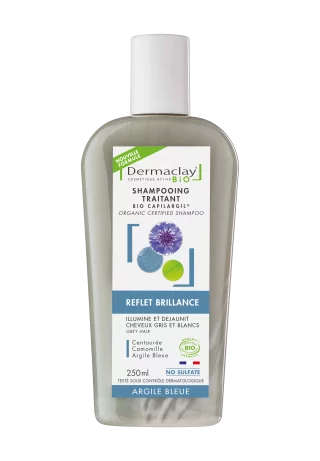 Shampoing pour cheveux gris bio Dermaclay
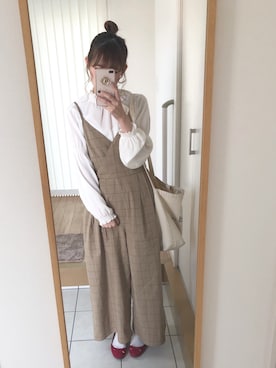 「カシュクール」｜「アイテム（サロペット/オーバーオール）」を使った、桃さん（レディース・163cm）の春コーディネート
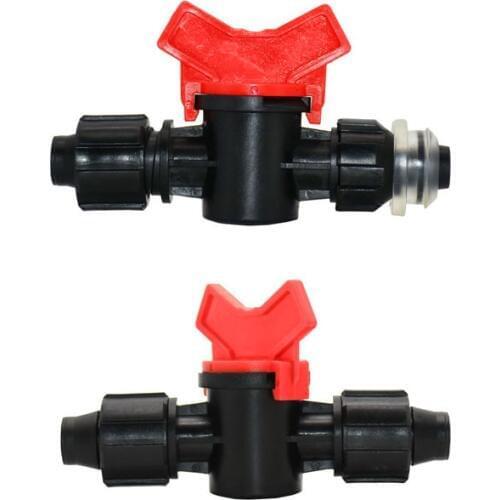 16mm drip tape water tap connector lock nut 2-way irrigation valve hose repair garden tap Greenhouse for irrigation 1Pcs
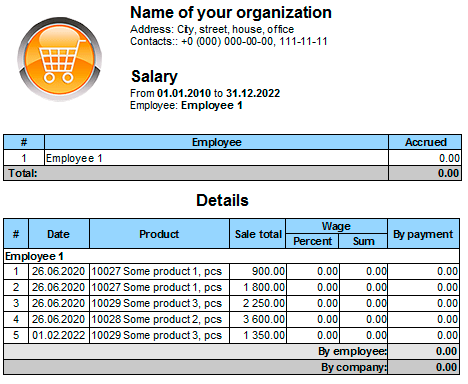 Report. Salary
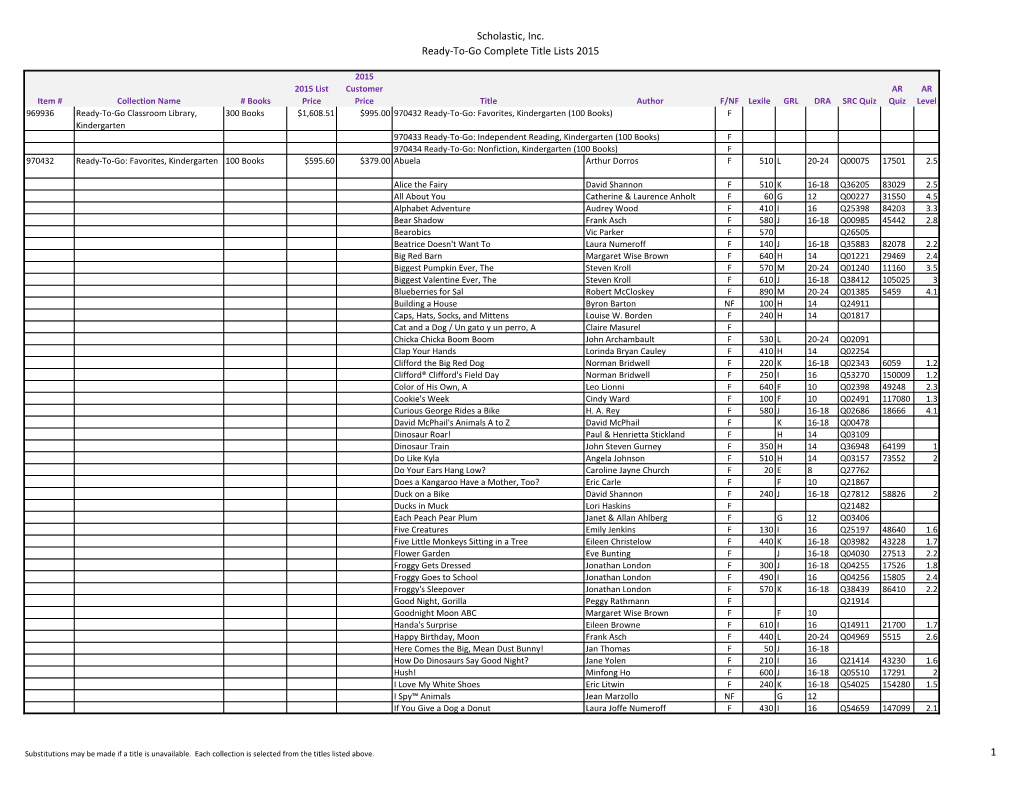 Scholastic, Inc. Ready-To-Go Complete Title Lists 2015 1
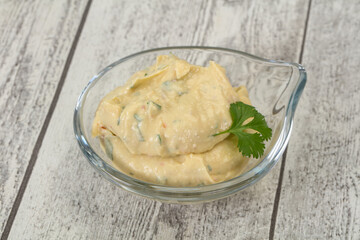 Hummus snack with olive oil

********************

■ **Your assignment**
Beginning with the line that contains "Scholastic, Inc. Ready-To-Go" and ending with the last line of the entries above, repeat each line exactly, but not the pictures.

■ **Answer to this exercise**
 Scholastic, Inc. Ready-To-Go Complete Title Lists 2015 1
 Hummus snack with olive oil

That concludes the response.